Sin embargo, ninguno de los desobedientes pensó en la otra parte del asunto. Allá fueron las brigadas de salvamento y rescate a evitar que la imprudencia concluyera en mortuorio. Que las almas curiosas satisficieran su sed de novedad con un susto de vida o muerte. Que la cuasi catástrofe atmosférica alimentara su furia con vidas humanas.

Pocos piensan en momentos así­ que los rescatistas también arriesgan su vida; tampoco en que, por azar, en ese segundo algunas familias, atascadas entre las ruinas de su casa, estén esperando la oportunidad de estar a salvo.

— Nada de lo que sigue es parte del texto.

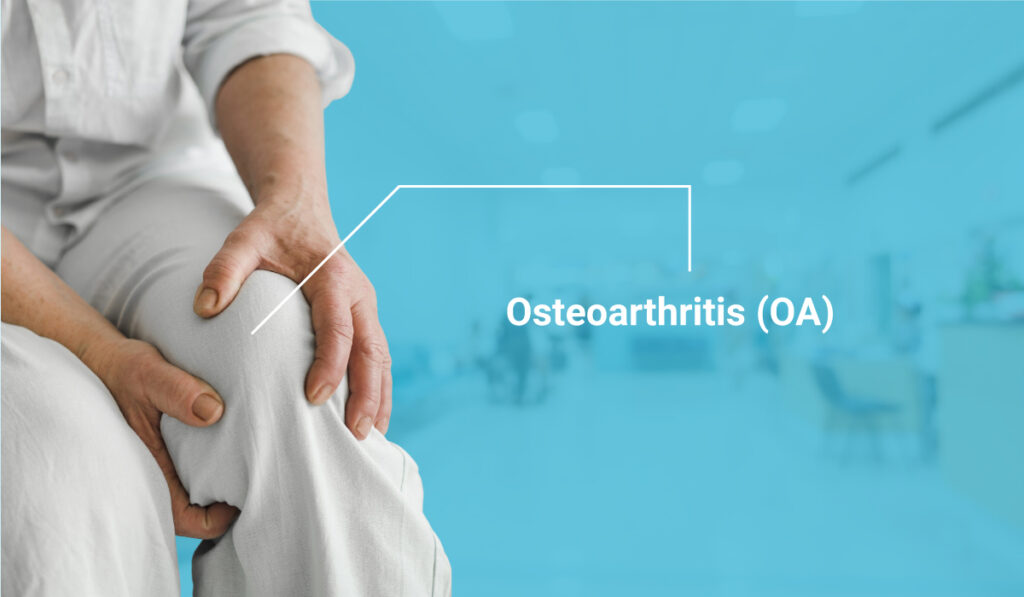 Osteoarthritis (OA)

Mientras, otros tantos hubieran podido ahorrarse la desgracia, que comenzó en diversión. En las calles inundadas, algunas insalubres por los desechos, también fueron vistos menores de edad. Ya sea por perderse de vista o amparada la travesura por sus progenitores, muchos niños estuvieron expuestos a potenciales peligros. Los garantes de su tutela debieran recibir más que el sermón moral de la maternidad y paternidad responsables, del ser coherente.

Es menester que existan medidas concretas para todos los que transgredan la lógica en caso de desastres, y no mí­nimas sugerencias. Esa resulta la única manera de que los infractores hagan un examen de conciencia, de que produzca un resultado social y evite angustias previsibles. Es que hay una verdad absoluta que va más allá de las mí­sticas interpretaciones de la savia popular: no siempre alguien tienta al «diablo » y sale ileso.